# quivering wave-like motion



## Tood

The other day I was walking into the threshold of a small coffee shop on the west side of town.  Well, next to the entrance there was a small poodle with a easy look on his face.  At the moment I walked by, his lips did a quivering-like jerky waving motion.  Well, I was trying to explain that to my Brazilian friend and he didn't get what I was saying.  How would I explain that in Portuguese?


----------



## Fluteroo

O cão enxergou o cara e fez-lhe beicinhos.                                        Just a hunch from the broad brazilian animal body-language repertoire.


----------



## arbilab

You and your animal motions, Tood.  You can't even name them in English.  Neither can I.


----------



## Fluteroo

arbilab said:


> You and your animal motions, Tood.  You can't even name them in English.  Neither can I.


We need a video, since a quivering wave like motion, makes my mind drift away to tropical feathers and carnivale parade brazilian bottoms in motion. Insisto na teoría de que o cachorro fazia beicinhos. Here is my animated gif of a kangaroo making quivering wave like motions


----------



## olivinha

_His lips did a quivering-like jerky waving motion._
Wow, Tood, that is quite a description. Can you reproduce that with your own lips? 
Seus lábios... espera, bicho tem lábio? Humm... Anyway...
Seus lábios estremeceram de maneira espamódica.


----------



## Outsider

Tood said:


> At the moment I walked by, his lips did a quivering-like jerky waving motion.

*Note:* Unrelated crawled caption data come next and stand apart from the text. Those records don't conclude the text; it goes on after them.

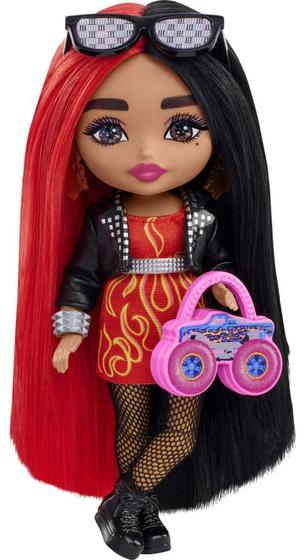 Imagem de Boneca Minis Extra com Cabelo Vermelho e Preto, Pequena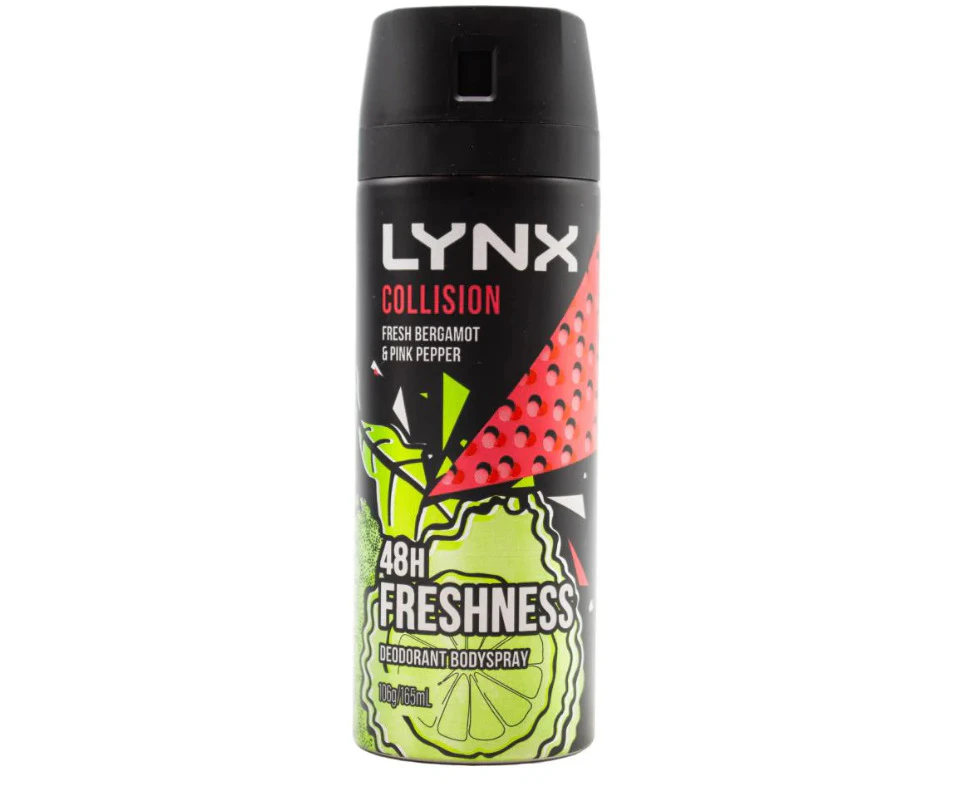 Lynx Deodorant Bodyspray Collision Fresh Bergamot And Pink Pepper 165mL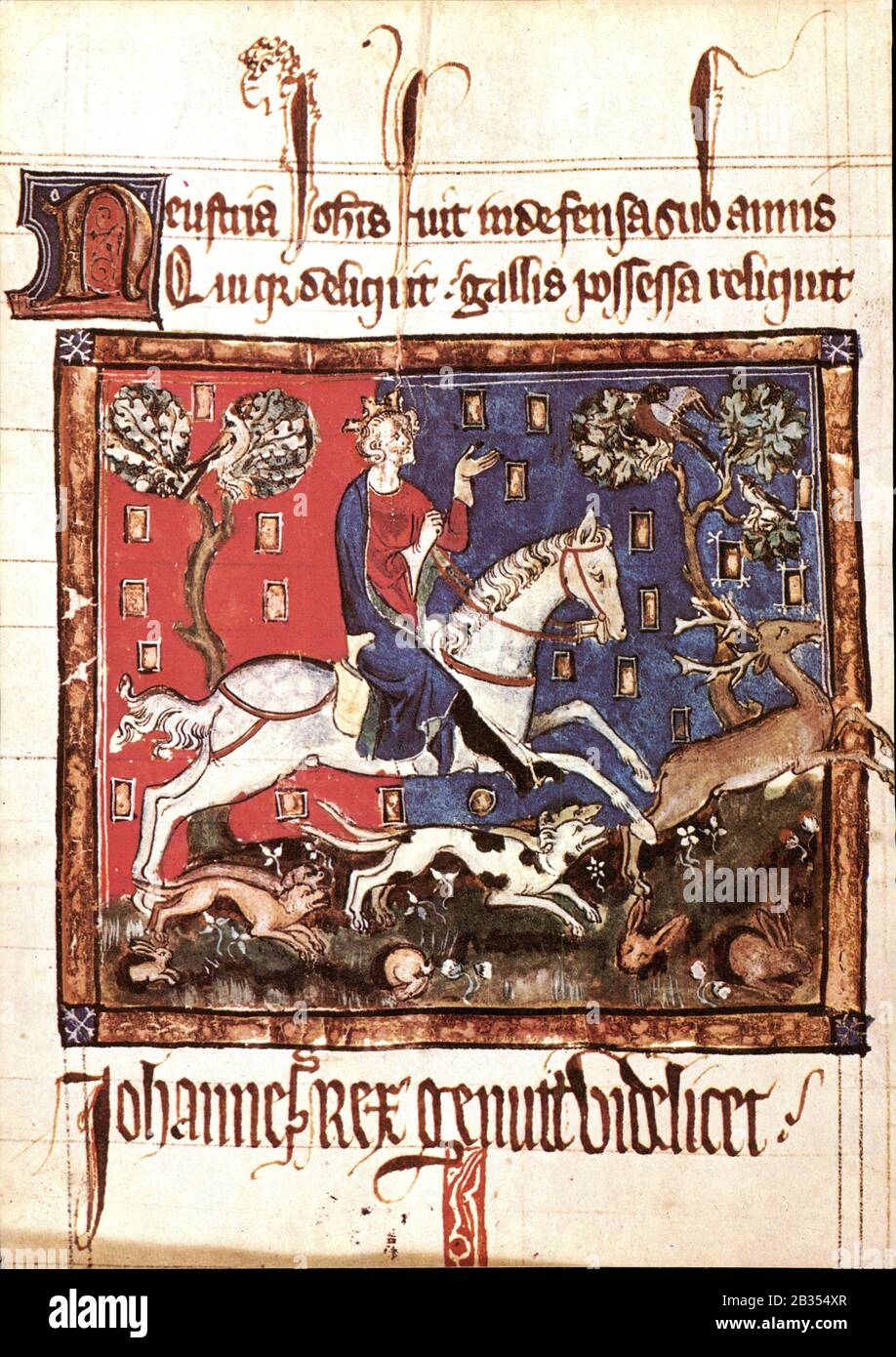 King John hunting a stag from an early-fourteenth-century manuscript. Stock Photo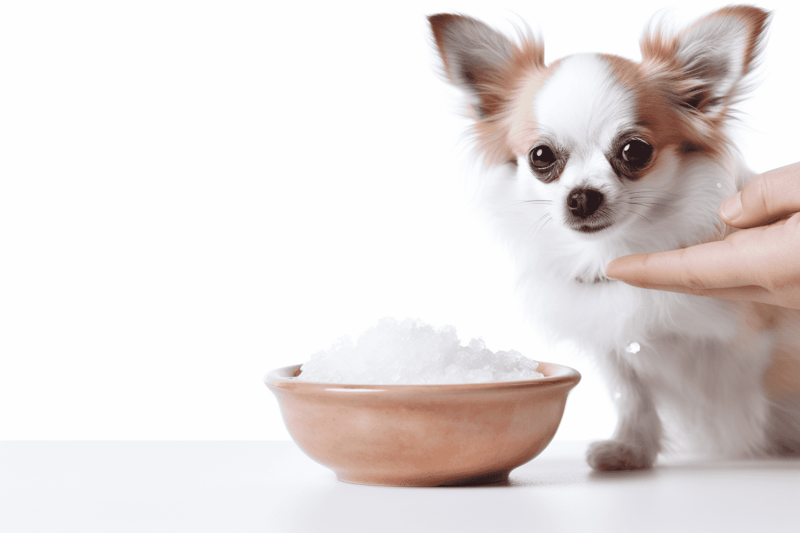 Adorable Chihuahua with salt bowl, dog treat, pet health, natural snacks, dog nutrition.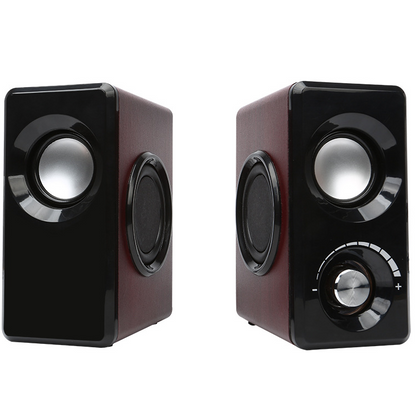 Wooden wired high power multimedia desktop computer speakers
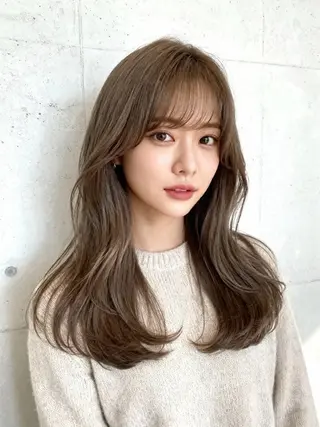 セミロング 韓国レイヤーカット 🫧大阪梅田レイヤーのヘアスタイル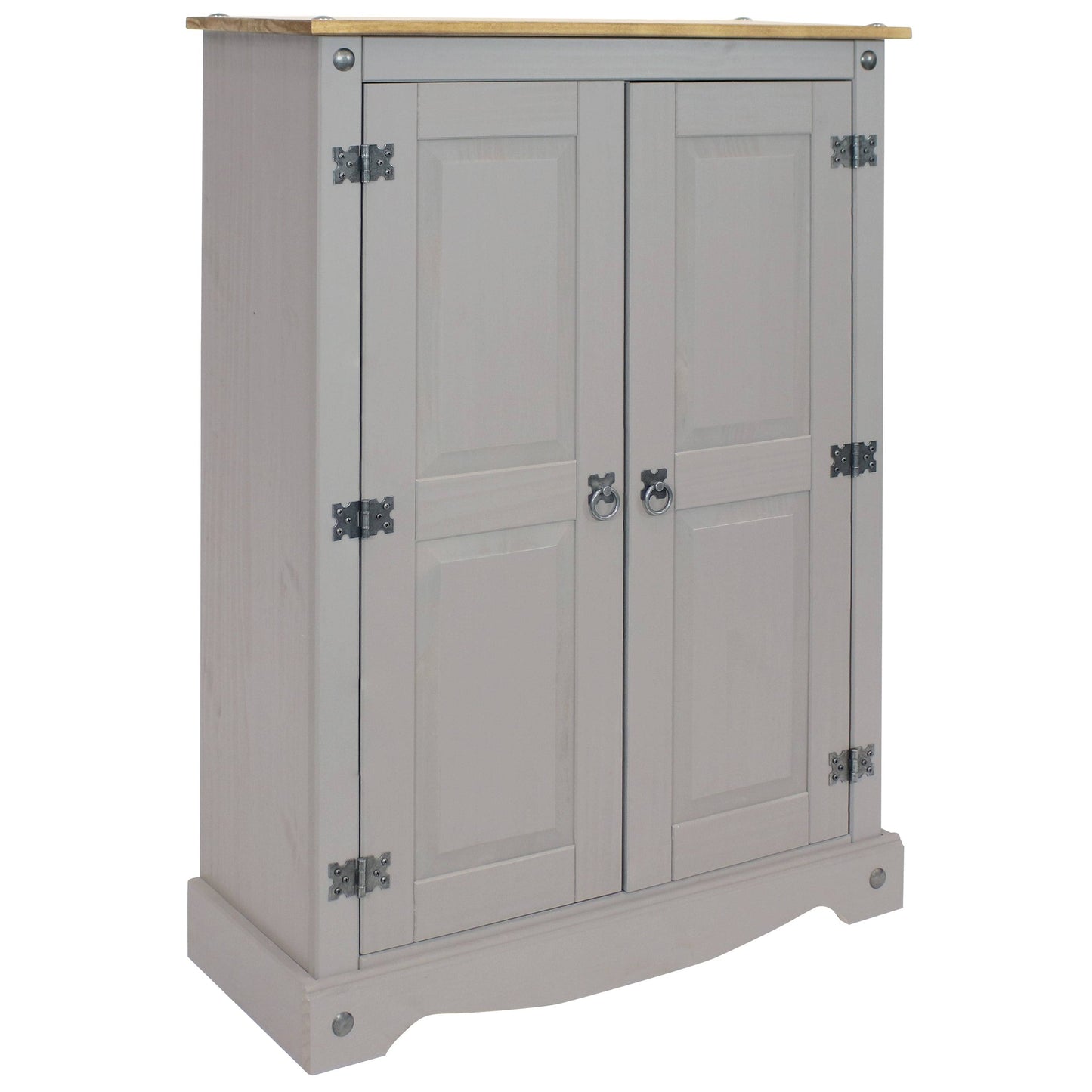 2-Door, 2-Shelf Accent Cupboard - Solid Pine - Gray - 43 H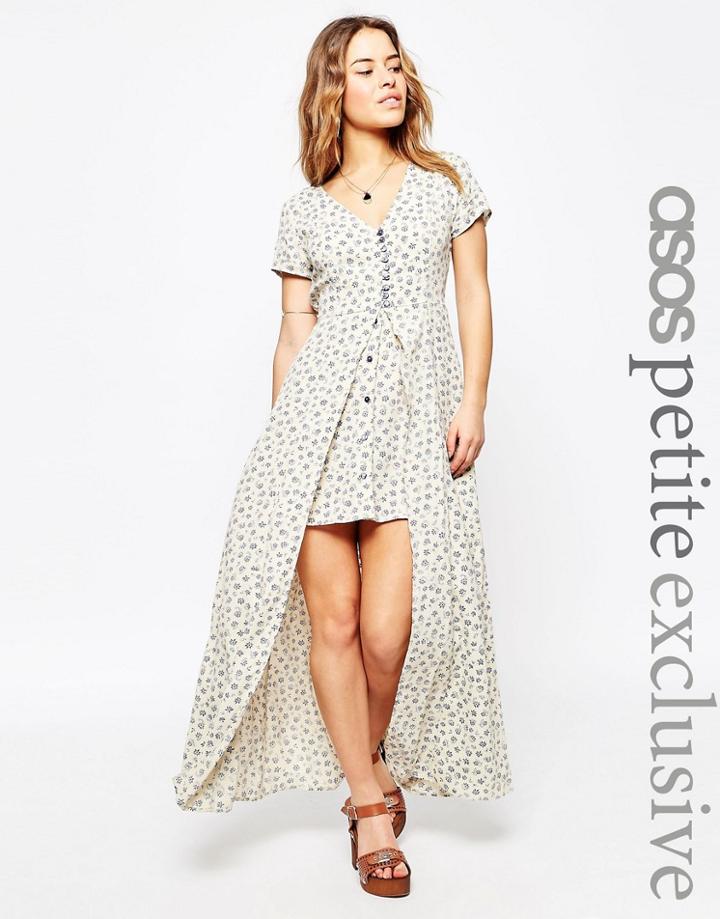 Asos Petite Maxi Dress In Blue Ditsy Print With Button Through Detail - Multi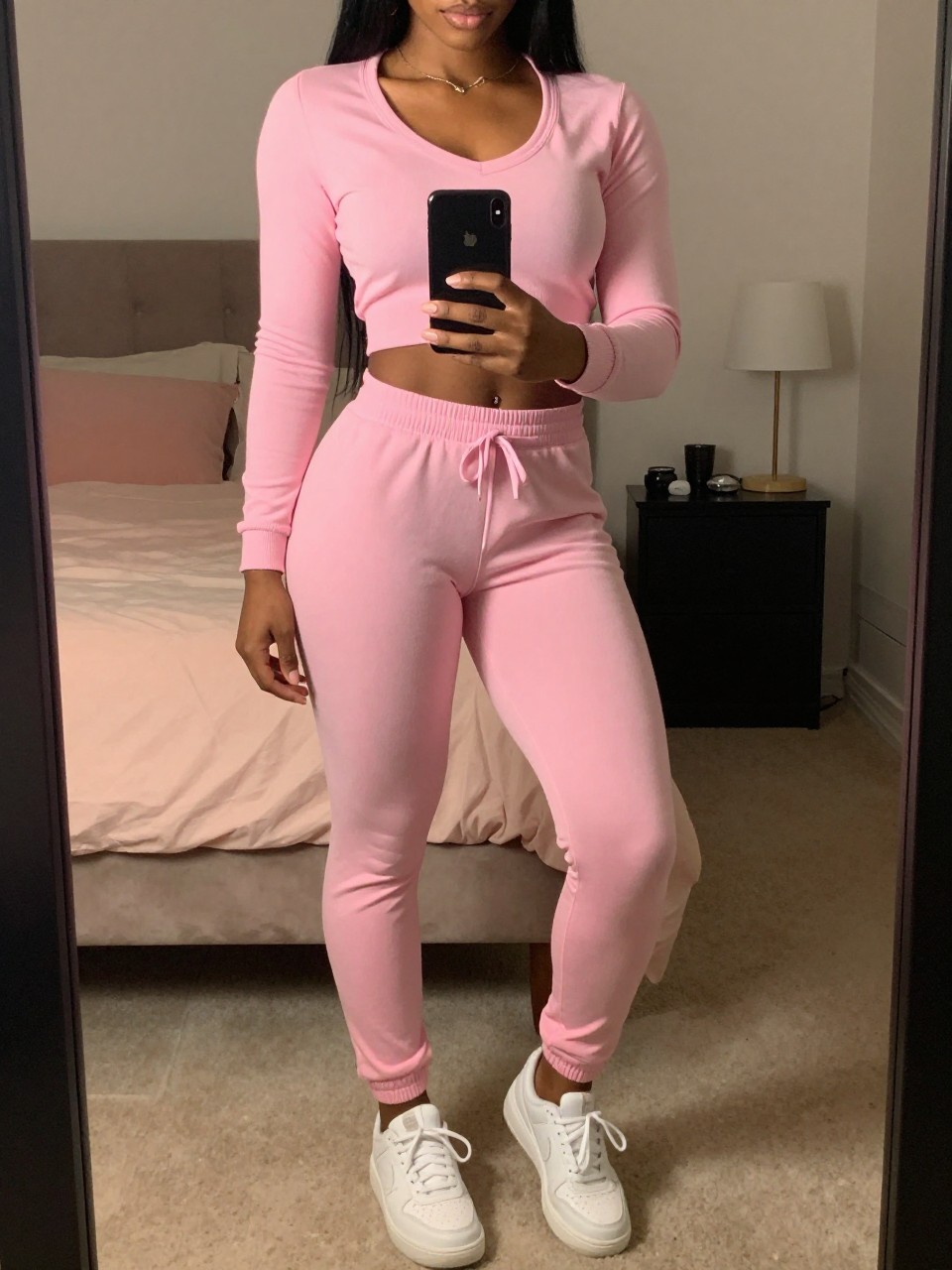 mirror selfie of a black woman in a bubblegum pink sweatsuit with white sneakers, standing casually with phone near waist, cropped at NECK so face doesn't show, in a feminine-themed bedroom, warm moody lighting, iPhone photo quality.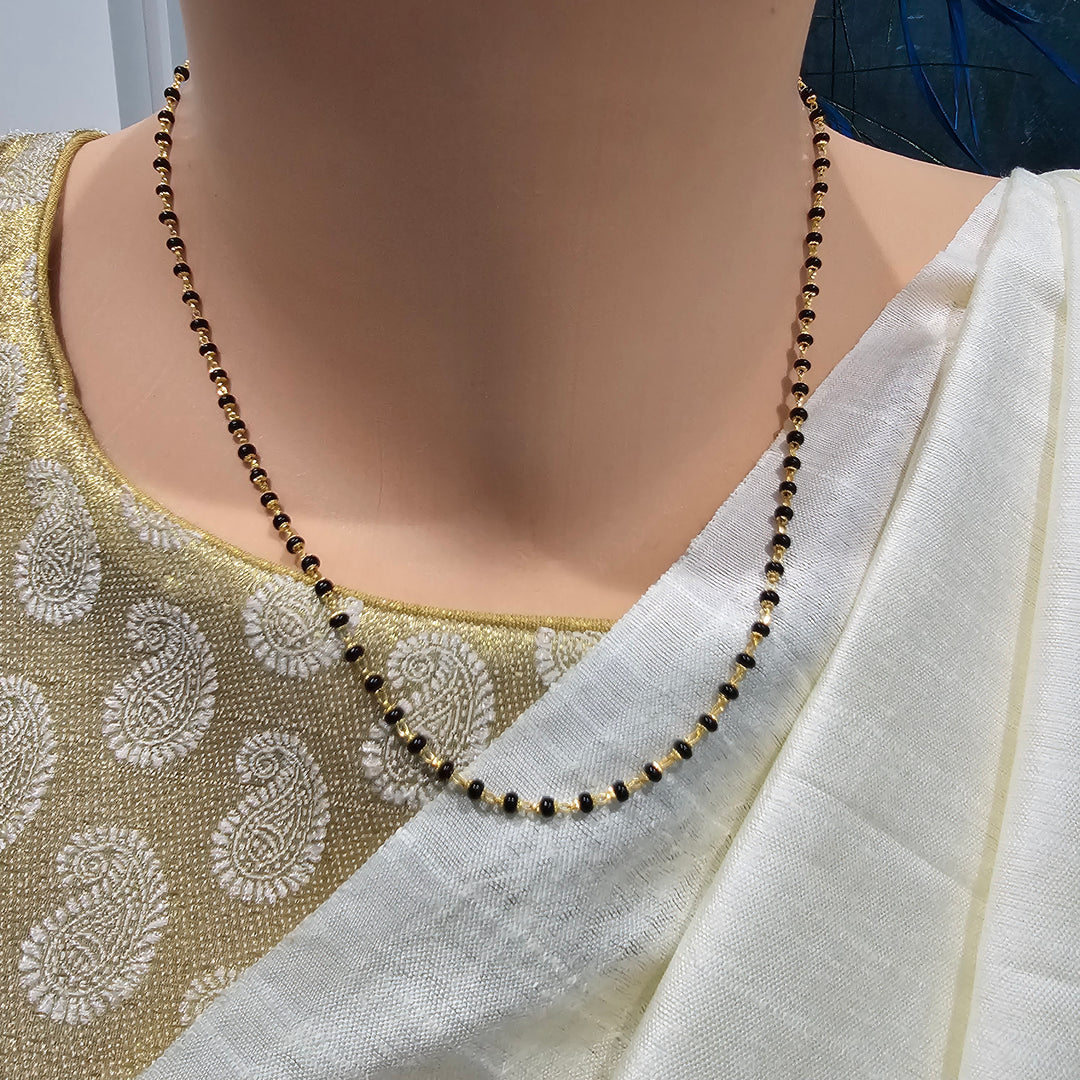 16-18" Black beads W/ Caps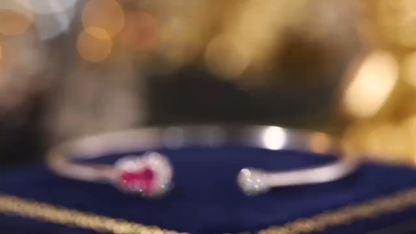 18k Gold Bracelet, Ruby Bracelet, Gourd Shape, 0.62ct Ruby, 0.18ct Natural Diamond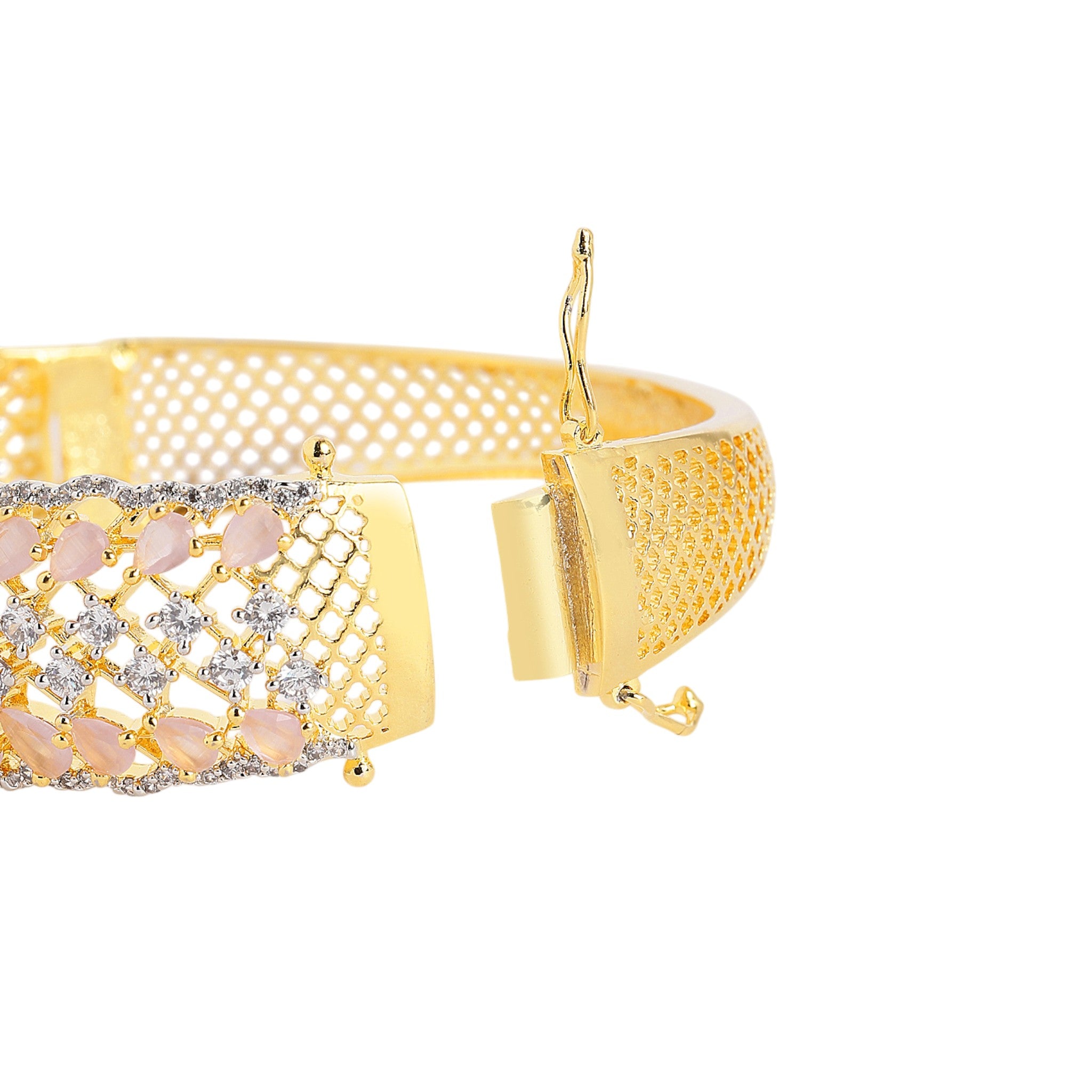 Women Gold-Plated Cubic Zirconia Studded Kada Bracelet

As if he were about to growl at you?...


----------



## Tood

It was more quivering than jerky.  I didn't hear any sounds but I felt a low vibration.  That could have been the dog or a nearby truck.  But, all that being said, it was really like a quivering wave of the lips.  I think the dog was just trying to ward off some type of danger.  It's really tough to know exactly what the dog was thinking.  I just noticed the wave-like motion of the lips.  I just couldn't explain it right to my Brazilian friends.


----------



## Vanda

_I didn't hear any sounds but I felt a low vibration._ = like in rosnar? growl?


----------



## Glazzy

Que tal "acenando violentemente?"  os lábios estavam movendo ou acenando violentemente.  Ou os lábios estavam tremendo como as ondas no oceano?


----------



## Tood

I was thinking about _tremendo_.  But, can we use _ondas_ do describe this?


----------



## Vanda

Melhor dizer: tremendo os beiços. (tá, dizemos beiços para lábios de animal, nem me pergunte porquê.)


----------



## Outsider

Did he stick out his tongue like this, and was he breathing heavily?


----------



## Vanda

Out, aquela figura me deu uma idéia de arfar. (gasp)


----------



## Fluteroo

Shivering, throbbing, twangy,wobbly? in regular beats or in a spastic rythm like quaver after, semi-quaver followed by a semi-demi-quaver?


----------



## Macunaíma

Uhmmm, another tough one! Your description of a quivering _wave-like_ motion made me picture a horse's mouth when it snorts. Dogs don't snort, of course, so it surely can't be that. Perhaps _tremeu o focinho_, like when it's going to sneeze? (dogs do sneeze; I even knew one who was allergic to flowers ) Our vocabulary is disappointingly poor when it comes to describing these subtle motions...



Tood said:


> ...but I felt a low vibration. That could have been the dog or a nearby truck. *LOL*


----------



## Dom Casmurro

Are you sure it was a poodle? From your descripition, it looks like a midget-sized little llama - you know, like the ones you find in the Andes mountain range in South America. Only smaller. And of course, the nearby truck was the source of the low growling vibration you are talking about. Kind of makes sense, doesn't it?


----------



## Tood

Kind of makes sense.  I hear what you are saying.  But, I've been to the desert.  Llamas don't growl.  They basically allow a low, shrilly-type of whistling to leave their mouths to ward off impending doom.  I do appreciate all the help, Gente.


----------



## lindenkreig

Are beicinhos lips for all animals??  I was wondering if that would also be for other animals too.  I don't know.  just a question.  I really don't know if I can learn this language at my age.


----------



## Fluteroo

lindenkreig said:


> Are beicinhos lips for all animals??  I was wondering if that would also be for other animals too.  I don't know.  just a question.  I really don't know if I can learn this language at my age.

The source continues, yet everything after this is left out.